Somebody got it in. There is a ring with two 5mm grub screws holding the shaft (the one passing thru the ID of the bearing toward the handle). That ring is a BRUTE to turn... I removed the screws and put a 25mm cap screw into one of the holes and used a tool to try and turn that while holding shaft stationary. Just a BEAR to make any progress at all. After I loosen it a little, the left plate of the bearing in the photo remains snug up against the worm "carrier" and the rest of the bearing seems to relax some and spread. The only thing I can think that can get that shaft out is to pull that nut on the outside off completely (though it moves with such difficulty I'm not convinced I won't hurt something by pressing the issue). Then pull the worm "carrier" and push the shaft completely inside the casting (if it will go.. I have my concerns) and pray the bearing slides off and I'm able to slide the bearing off the shaft and then pull the shaft out thru the hole. I did not realize the crack addict that designed the SB7 shaper later worked on rotary tables:)

I want to slow the train down and hear from the smart guys. Anyone have any thoughts on this? If this turns into a monster pushup, I will just return it and get the Grizzly table... my second choice.

I was also not wild about this rust on the inside of the table casting but it is honestly in a position of no importance. The paperwork indicates my table has been sitting around since 2016 so it had time to rust. I also notice that the interior is not coated with that red oil-tolerant paint you see in SG's Vertex videos and others. Guessing it's not a big deal other than establish the curiosity that maybe it's not actual Vertex.

20180601_212558.jpg

So.. anyone have any thoughts on this? Thanks in advance.

CW
 
It really amazes me to read about people buying cheap made junk at high prices and after getting them home and looking them over find all sorts of things wrong with them. Then we will debate about them for weeks.
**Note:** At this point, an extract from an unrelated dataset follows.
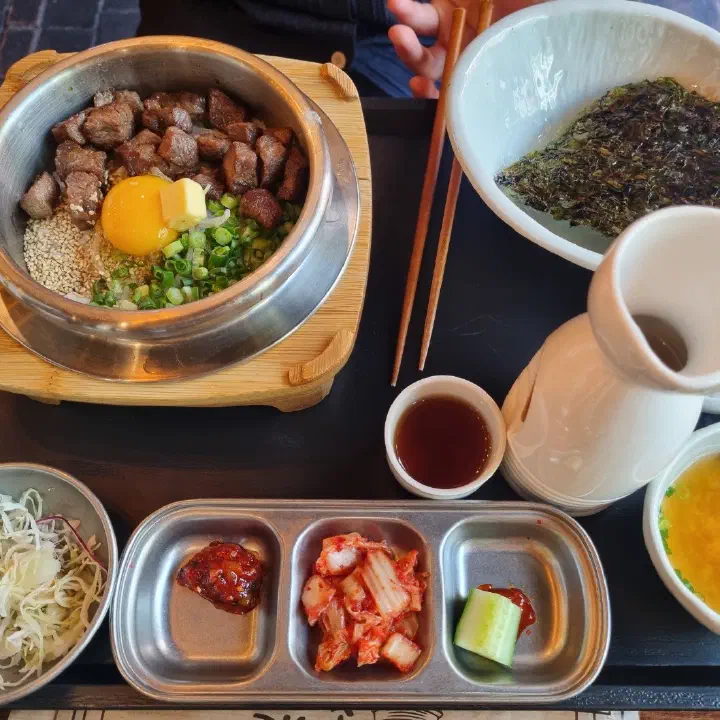 솥내음 마곡 발산역점 스테이크솥밥, 노른자와 버터 올린 1인 한 상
An old adage you get what you pay for.
 
Thank you.. My existence is one long series of continuous extreme failure. If you saw Flowers for Algernon, that was basically about me, except the part in the middle where he was smart.

Still looking for input on moving that bearing.
 
Clock work,
Your detail photography is great but you're not displaying the "big picture". Please show "overview" photos, then zoom in.
You mention "a ring with two 5mm grub screws holding the shaft" but I don't see it in any of the photos. Where is it?
WAG = The grub screws have done damage where they bit into the soft shaft and that's why the ring is hard to remove. Keep trying. Can you see shaft damage through one or both of the grub screw holes?
 
Add a picture of the exterior of the housing around the worm shaft (as in the video, with nothing attached to the shaft).